- Task objective -
Find the line with "grove(グローブ)の「ノ" in the entries below, then reproduce it and every line after it down to and including the line with "敲美~复古绿色中式刺绣国风低跟水钻法式玛丽珍单鞋女平底配裙子", exactly.

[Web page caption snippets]
○ ○ ○ ○ ○ ○ ○
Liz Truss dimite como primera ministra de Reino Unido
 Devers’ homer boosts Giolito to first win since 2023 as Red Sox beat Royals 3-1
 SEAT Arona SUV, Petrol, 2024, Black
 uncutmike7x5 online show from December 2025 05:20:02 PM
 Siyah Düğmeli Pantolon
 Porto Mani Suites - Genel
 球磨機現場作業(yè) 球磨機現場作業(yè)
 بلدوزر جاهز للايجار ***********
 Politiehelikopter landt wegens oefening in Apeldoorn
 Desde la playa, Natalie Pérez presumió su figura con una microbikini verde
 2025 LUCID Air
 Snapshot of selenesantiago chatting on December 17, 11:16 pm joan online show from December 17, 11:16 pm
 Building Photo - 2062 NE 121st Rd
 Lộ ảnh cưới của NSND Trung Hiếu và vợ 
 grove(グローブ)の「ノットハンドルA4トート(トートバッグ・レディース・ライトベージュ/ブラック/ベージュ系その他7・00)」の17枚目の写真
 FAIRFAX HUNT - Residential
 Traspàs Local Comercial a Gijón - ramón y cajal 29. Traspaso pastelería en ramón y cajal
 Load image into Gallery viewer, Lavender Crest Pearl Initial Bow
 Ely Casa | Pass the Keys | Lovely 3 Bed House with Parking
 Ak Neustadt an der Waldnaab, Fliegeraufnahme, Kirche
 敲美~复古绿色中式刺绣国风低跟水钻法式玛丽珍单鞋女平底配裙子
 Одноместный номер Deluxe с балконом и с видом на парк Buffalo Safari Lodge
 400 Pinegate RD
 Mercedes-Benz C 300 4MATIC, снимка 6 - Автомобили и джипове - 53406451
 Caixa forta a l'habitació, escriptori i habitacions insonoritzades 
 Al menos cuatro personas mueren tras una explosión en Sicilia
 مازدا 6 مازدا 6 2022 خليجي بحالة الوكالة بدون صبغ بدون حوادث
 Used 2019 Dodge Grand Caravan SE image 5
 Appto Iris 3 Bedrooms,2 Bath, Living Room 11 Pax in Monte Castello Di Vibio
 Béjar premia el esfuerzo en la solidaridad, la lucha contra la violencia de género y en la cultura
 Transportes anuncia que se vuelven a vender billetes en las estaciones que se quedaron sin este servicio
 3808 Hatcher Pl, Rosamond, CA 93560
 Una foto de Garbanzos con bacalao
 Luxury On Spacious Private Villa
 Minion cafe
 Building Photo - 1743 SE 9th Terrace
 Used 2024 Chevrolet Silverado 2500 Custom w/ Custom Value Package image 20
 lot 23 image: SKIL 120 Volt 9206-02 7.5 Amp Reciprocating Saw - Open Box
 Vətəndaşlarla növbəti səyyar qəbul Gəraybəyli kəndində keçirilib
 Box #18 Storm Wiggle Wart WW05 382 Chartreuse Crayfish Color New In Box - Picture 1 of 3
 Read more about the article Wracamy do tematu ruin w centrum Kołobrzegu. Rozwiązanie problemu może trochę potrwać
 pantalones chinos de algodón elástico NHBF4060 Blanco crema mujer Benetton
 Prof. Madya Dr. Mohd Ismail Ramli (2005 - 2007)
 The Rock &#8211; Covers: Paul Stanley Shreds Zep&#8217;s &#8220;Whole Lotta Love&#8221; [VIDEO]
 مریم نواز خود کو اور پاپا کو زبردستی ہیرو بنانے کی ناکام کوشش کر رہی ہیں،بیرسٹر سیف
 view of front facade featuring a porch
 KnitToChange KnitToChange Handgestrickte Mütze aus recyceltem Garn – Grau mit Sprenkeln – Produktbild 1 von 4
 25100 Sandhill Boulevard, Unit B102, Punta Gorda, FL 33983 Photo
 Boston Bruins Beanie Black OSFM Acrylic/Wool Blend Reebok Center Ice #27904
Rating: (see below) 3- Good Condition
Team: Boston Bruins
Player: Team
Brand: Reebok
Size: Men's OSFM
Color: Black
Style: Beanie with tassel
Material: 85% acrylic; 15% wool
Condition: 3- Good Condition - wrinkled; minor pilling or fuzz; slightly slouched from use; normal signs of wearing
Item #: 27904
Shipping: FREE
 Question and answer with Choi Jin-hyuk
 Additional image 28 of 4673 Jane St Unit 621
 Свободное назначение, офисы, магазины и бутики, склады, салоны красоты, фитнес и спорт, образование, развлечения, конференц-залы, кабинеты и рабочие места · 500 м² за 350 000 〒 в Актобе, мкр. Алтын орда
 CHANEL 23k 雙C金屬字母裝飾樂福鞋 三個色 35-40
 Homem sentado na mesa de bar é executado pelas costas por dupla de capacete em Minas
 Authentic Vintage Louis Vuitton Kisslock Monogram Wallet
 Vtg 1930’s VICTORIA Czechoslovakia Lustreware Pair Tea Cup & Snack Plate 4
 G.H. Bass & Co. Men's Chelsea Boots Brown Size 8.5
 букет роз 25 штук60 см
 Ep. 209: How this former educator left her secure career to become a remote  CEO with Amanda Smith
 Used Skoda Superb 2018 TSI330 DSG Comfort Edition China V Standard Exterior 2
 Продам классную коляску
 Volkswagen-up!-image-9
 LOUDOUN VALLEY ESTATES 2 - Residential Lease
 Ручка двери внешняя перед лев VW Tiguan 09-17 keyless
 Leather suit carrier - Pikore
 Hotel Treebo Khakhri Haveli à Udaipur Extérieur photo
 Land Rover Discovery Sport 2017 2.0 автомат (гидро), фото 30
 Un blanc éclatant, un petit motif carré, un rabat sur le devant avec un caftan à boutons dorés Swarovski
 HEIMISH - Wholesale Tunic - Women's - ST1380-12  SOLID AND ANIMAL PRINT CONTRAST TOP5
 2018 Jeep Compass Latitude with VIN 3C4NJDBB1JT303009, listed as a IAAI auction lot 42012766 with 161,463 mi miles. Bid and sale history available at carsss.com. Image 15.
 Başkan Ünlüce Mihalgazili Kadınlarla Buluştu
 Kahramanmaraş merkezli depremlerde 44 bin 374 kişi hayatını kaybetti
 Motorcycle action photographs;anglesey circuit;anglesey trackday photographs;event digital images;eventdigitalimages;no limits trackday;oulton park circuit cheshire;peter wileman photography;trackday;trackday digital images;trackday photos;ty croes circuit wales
○ ○ ○ ○ ○ ○ ○
- Solution to the exercise -
 grove(グローブ)の「ノットハンドルA4トート(トートバッグ・レディース・ライトベージュ/ブラック/ベージュ系その他7・00)」の17枚目の写真
 FAIRFAX HUNT - Residential
 Traspàs Local Comercial a Gijón - ramón y cajal 29. Traspaso pastelería en ramón y cajal
 Load image into Gallery viewer, Lavender Crest Pearl Initial Bow
 Ely Casa | Pass the Keys | Lovely 3 Bed House with Parking
 Ak Neustadt an der Waldnaab, Fliegeraufnahme, Kirche
 敲美~复古绿色中式刺绣国风低跟水钻法式玛丽珍单鞋女平底配裙子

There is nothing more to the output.